• [Problem requirements]:
From the line that holds "Solved In a" down to the last line of the listing below, reproduce each line exactly and nothing more, omitting pictures.

• [Data block]:

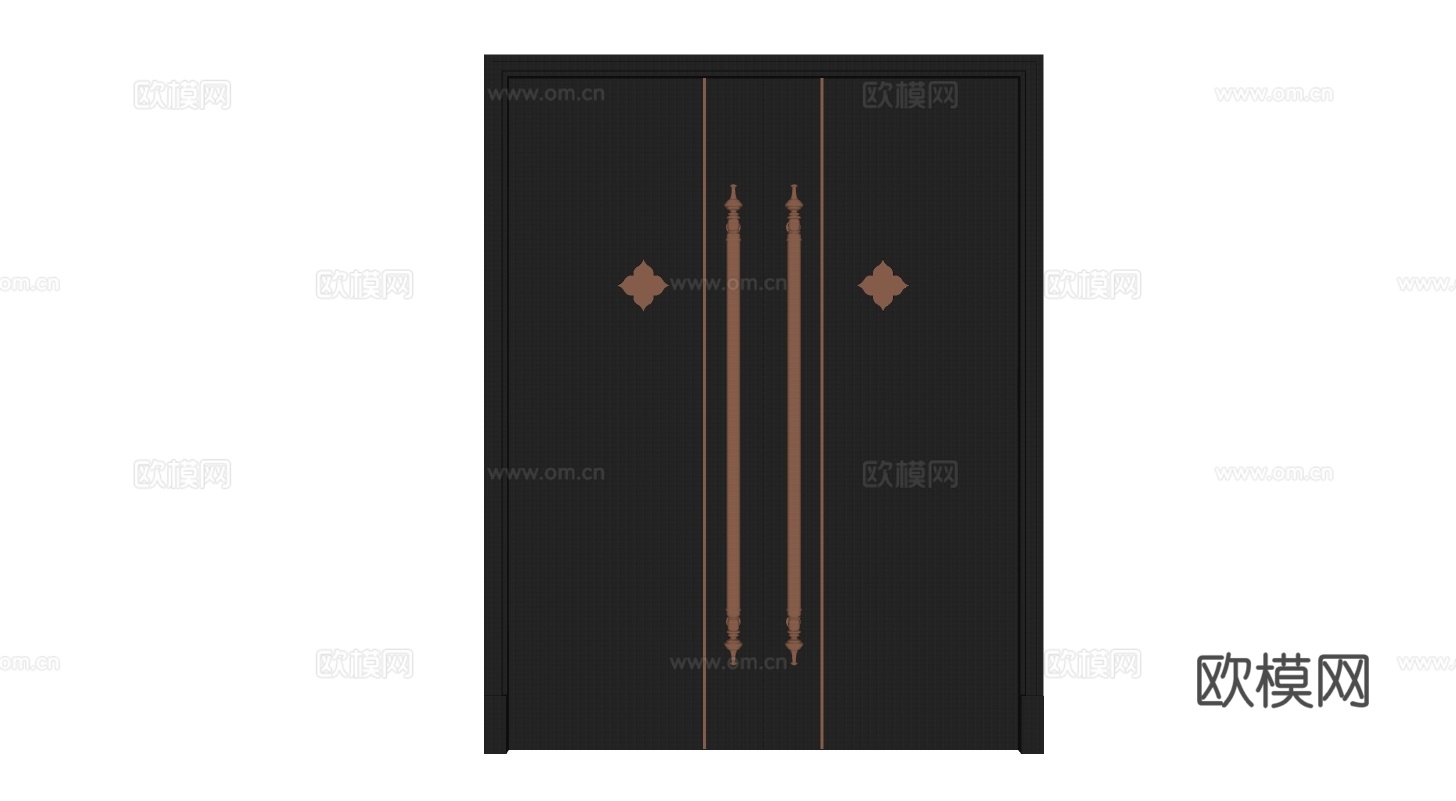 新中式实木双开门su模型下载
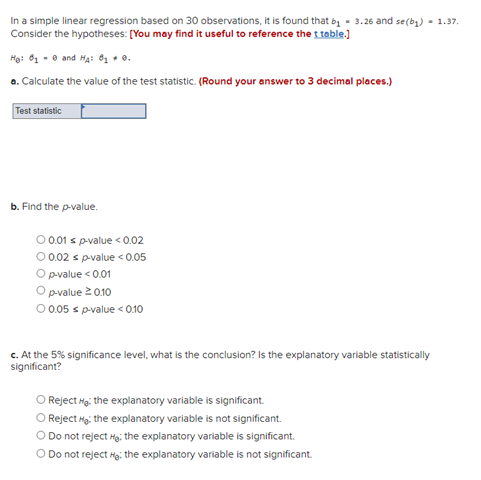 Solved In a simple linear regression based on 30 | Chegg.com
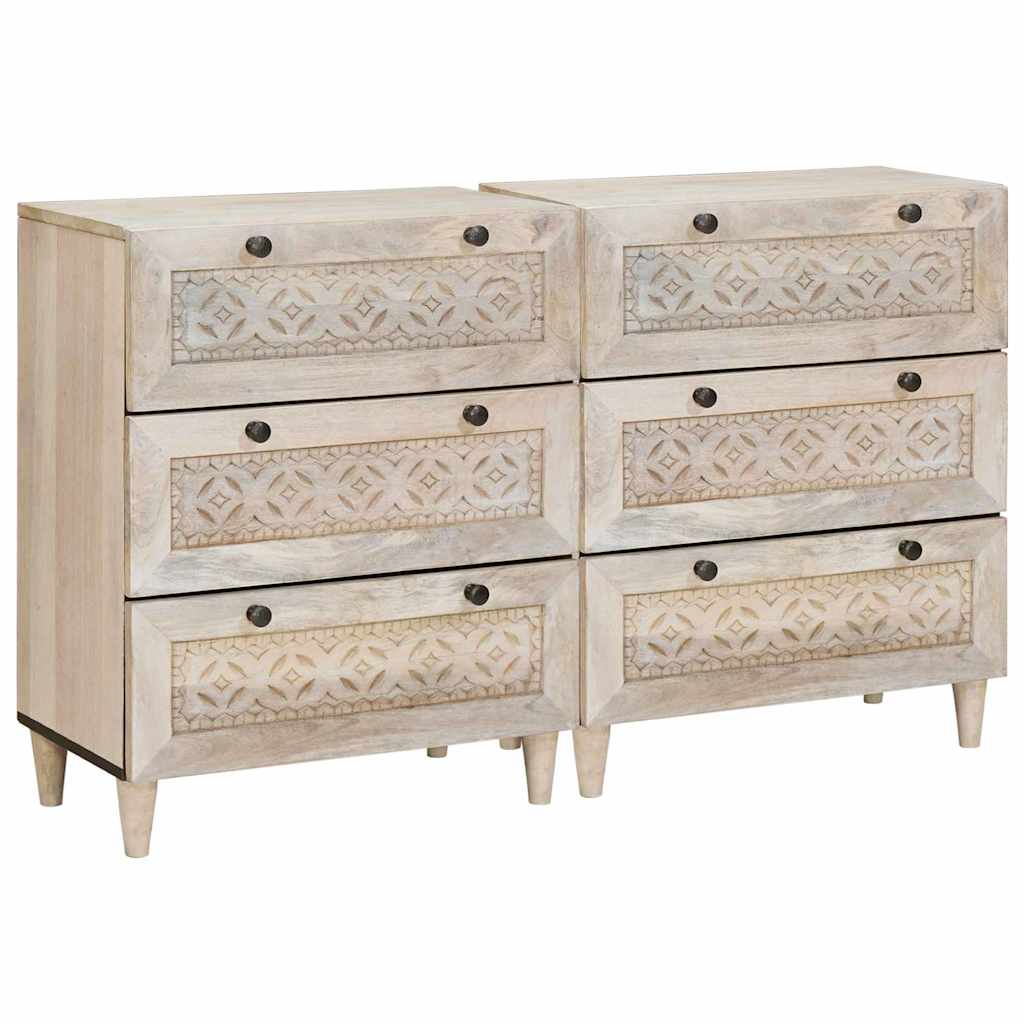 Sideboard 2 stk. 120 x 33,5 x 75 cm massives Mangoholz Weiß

• [Response]:
 Solved In a simple linear regression based on 30 | Chegg.com
 Sideboard 2 stk. 120 x 33,5 x 75 cm massives Mangoholz Weiß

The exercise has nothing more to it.